Radiogram and Interpretation

Radiogram

A radiogram builds a cross sectional image from the echoes. Objects appear in the taken radiogram of the ground as hyperbolic reflections in the shape of a hyperbola. The bigger the hyperbolic reflection the bigger the object in the ground. Different types of earth layers appear as a thicker line or multiple lines with little space in between.

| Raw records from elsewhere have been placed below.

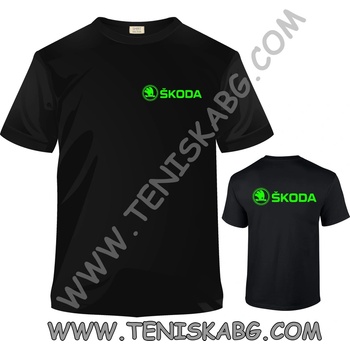 Fruit of the Loom Тениска - Skoda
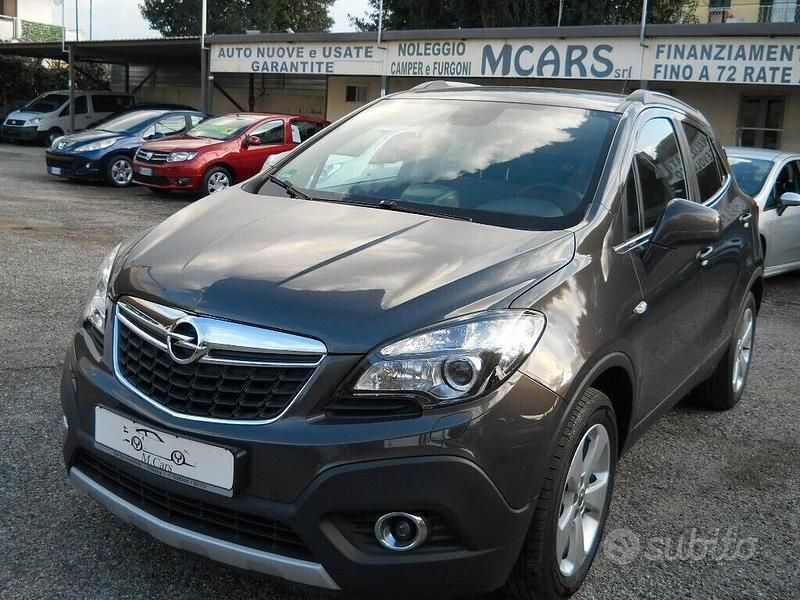 Usata Opel Mokka X Business 136 CV (100 kW) 2016 Grigio SUV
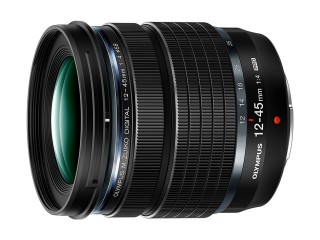 奥林巴斯M.ZUIKO DIGITAL ED 12-45mm F4.0 PRO镜头发布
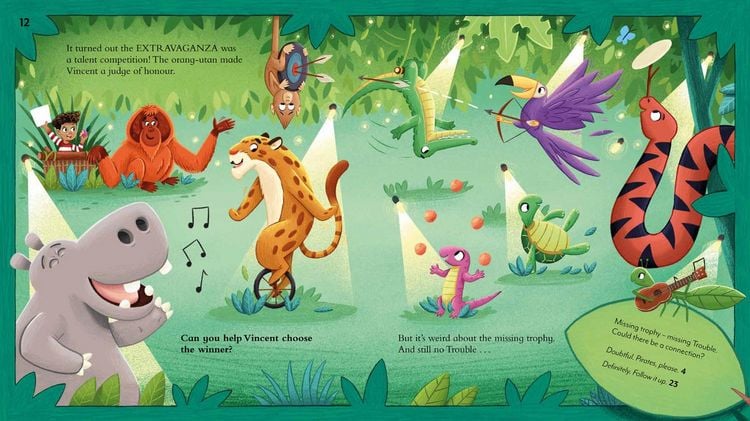 Produktbild: Pick a Story: A Pirate Alien Jungle Adventure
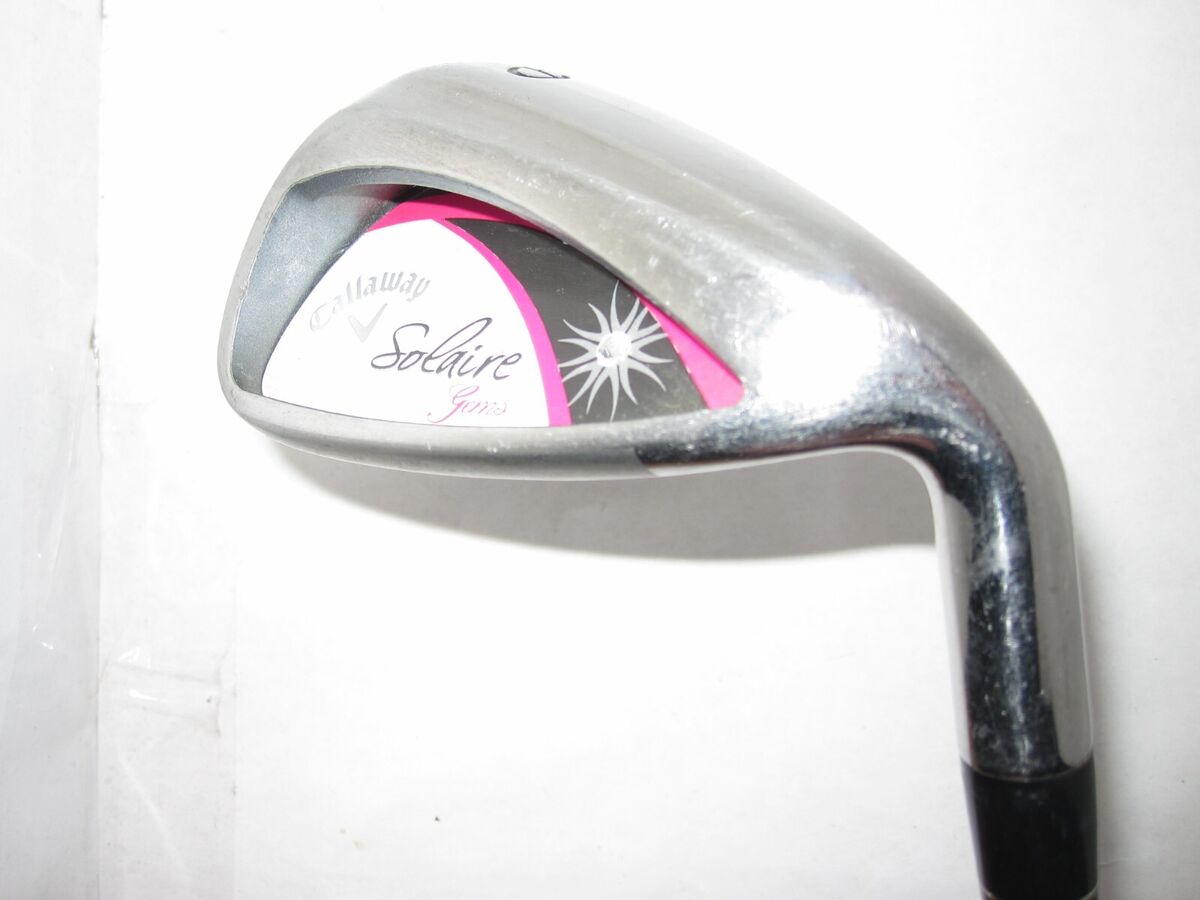 Ladies Callaway Solaire Gems Sand Wedge Ladies Graphite Shaft Callaway Grip Ladies Callaway Solaire Gems Sand Wedge Ladies Graphite Shaft Callaway Grip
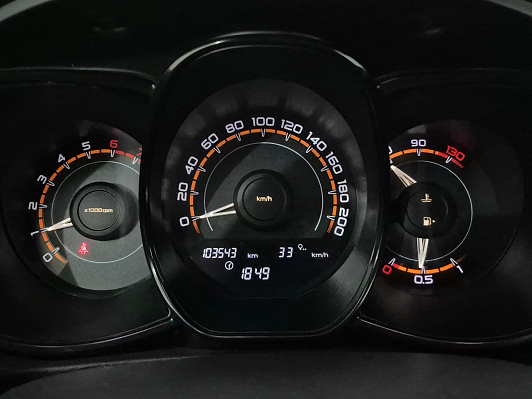 Lada (ВАЗ) Vesta Comfort, 2017 года, пробег 103515 км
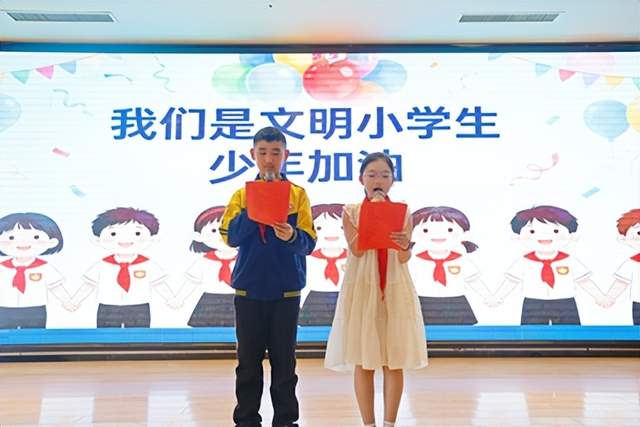 学礼仪·润童心｜峄城区实验小学开展公益文明礼仪课堂活动(图8)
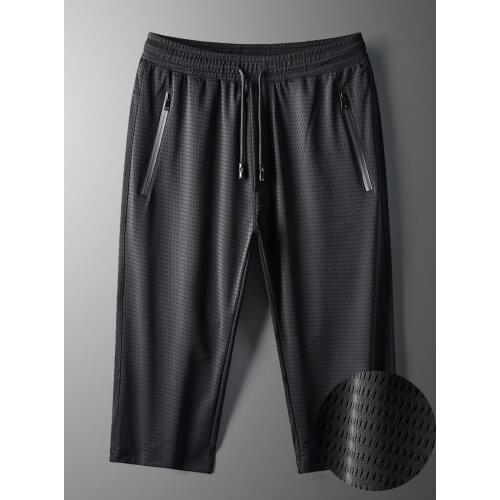 Men Quick-drying Training Five-point Shorts 2020 Summer New Fashion Trend Hip Hop Muscle Fitness Sports Jopping Shorts For Man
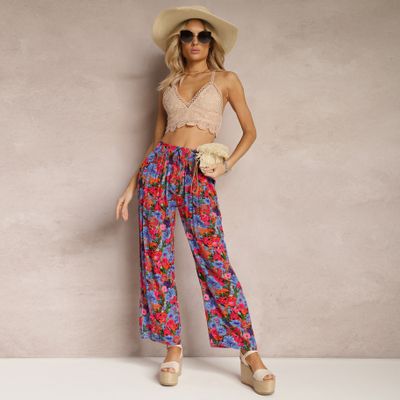 Spodnie damskie boho Renee ze sklepu: renee.pl w kategorii: Spodnie damskie - zdjęcie 6BEED23A-9DF-769_307130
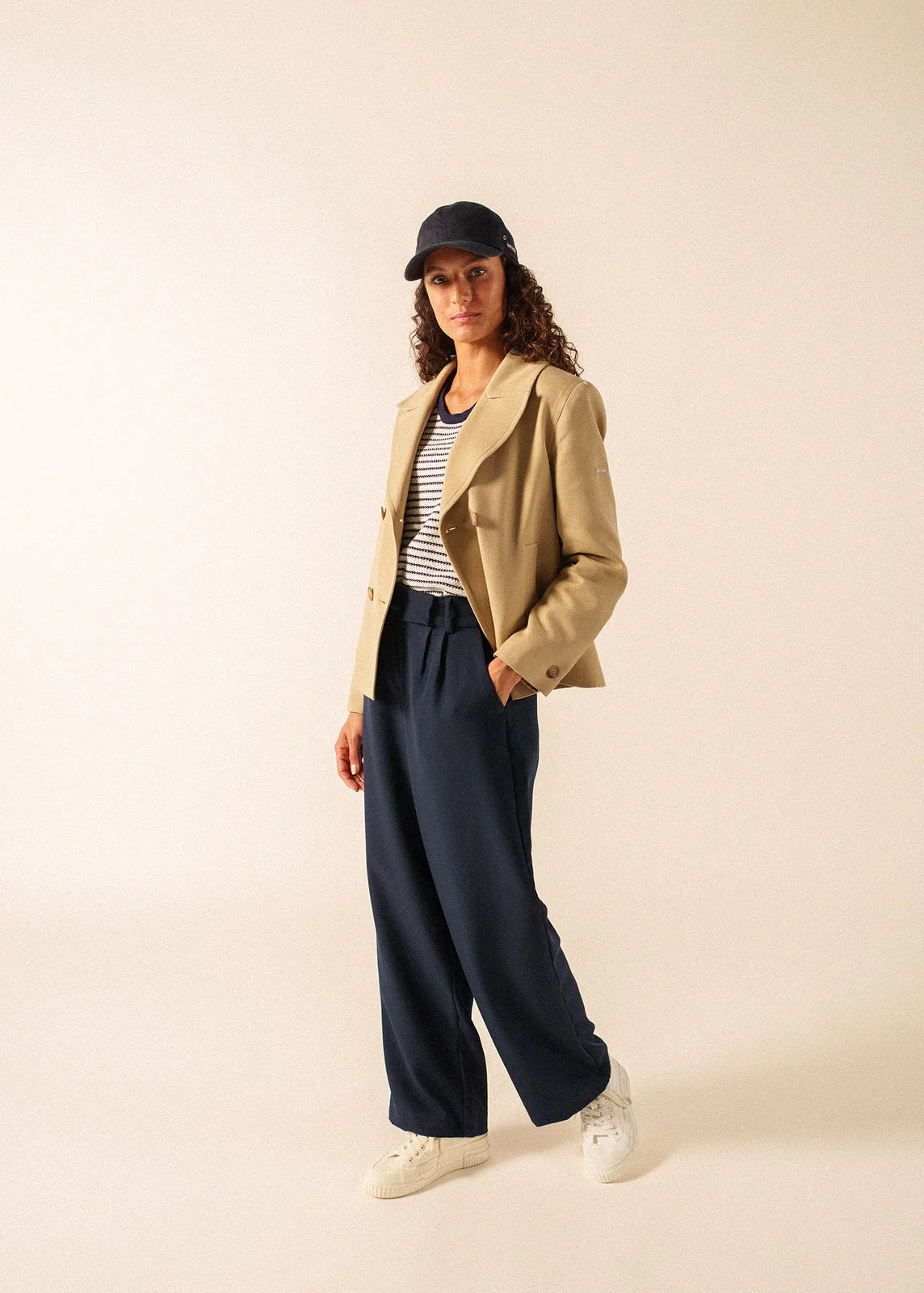 SAINT JAMES STE CATHY JACKET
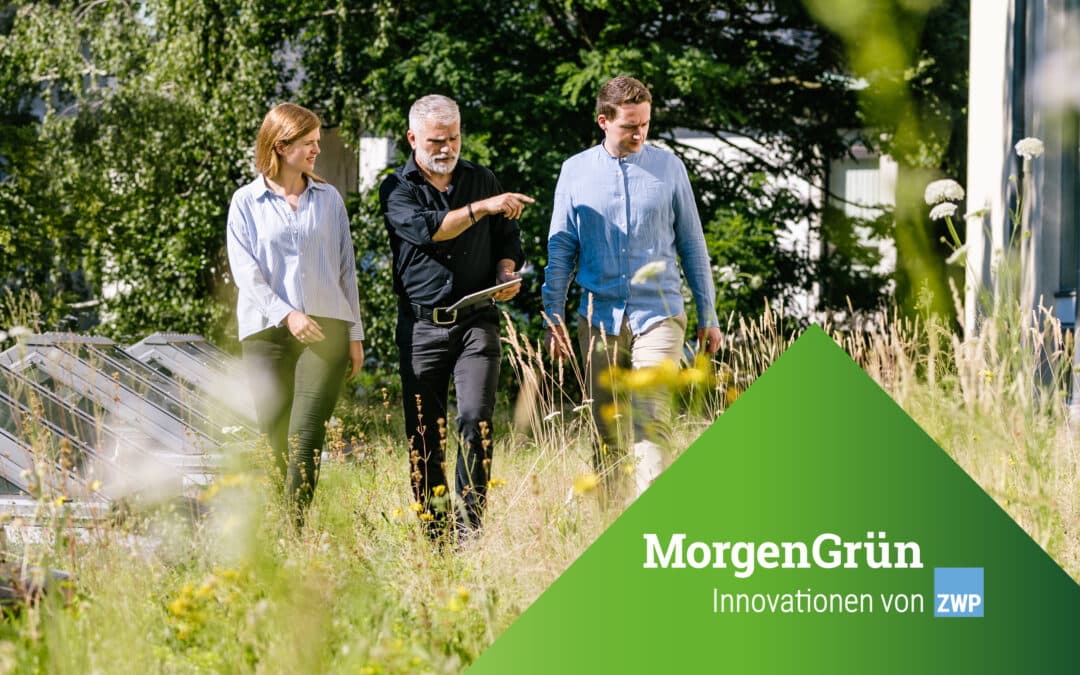 Innovationen von ZWP: Neue Marke MorgenGrün!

Radar can be easily disturbed if not correctly attached to the measuring surface (airwaves and falsification of the target) or by devices using the same frequency as the radar. In most common ground radar devices, the antennas are shielded inside a box.

Radargram
 Radargram metal
Burrow

Common Frequency options

12.5, 25, 50, 100, 200, 250, 500, 800, 900 and 1000 MHz

The size of the antenna shrinks with increasing MHz number.

Radar 1000
Radar 500
Radar 200

Which frequency?

The basic rule:
The higher the frequency, the more detailed the radiogram and its reflected objects can be. But the shorter the travelling depth of the signal. The materials you are investigating are also influencing the depth and detail of your result!

Example 1: Investigating the rock, soil or permafrost layers in 50m depth you will need an antenna with a low frequency like 250 or 100MHz.

Example 2: Searching for world war two bombs in 5- 10 m ground you can 500 MHz antenna.

Example 3: If you are looking for Giant Molerats burrows in the first soil layer until 70cm depth, you should use 1000MHz

More methods

The methods described above is called the reflection method. But there are more methods than reflection, like: CMP - Common mid point, WARR - wide area reflection and translumination surveys.
Translumination can be further distinguished to ZOP - zero offset profile, MOG - multi offset gather and VRP - vertical radar profile. With different applications the methods are also adapting to get the best possible results of the survey. During this course we will only focus on the reflection method.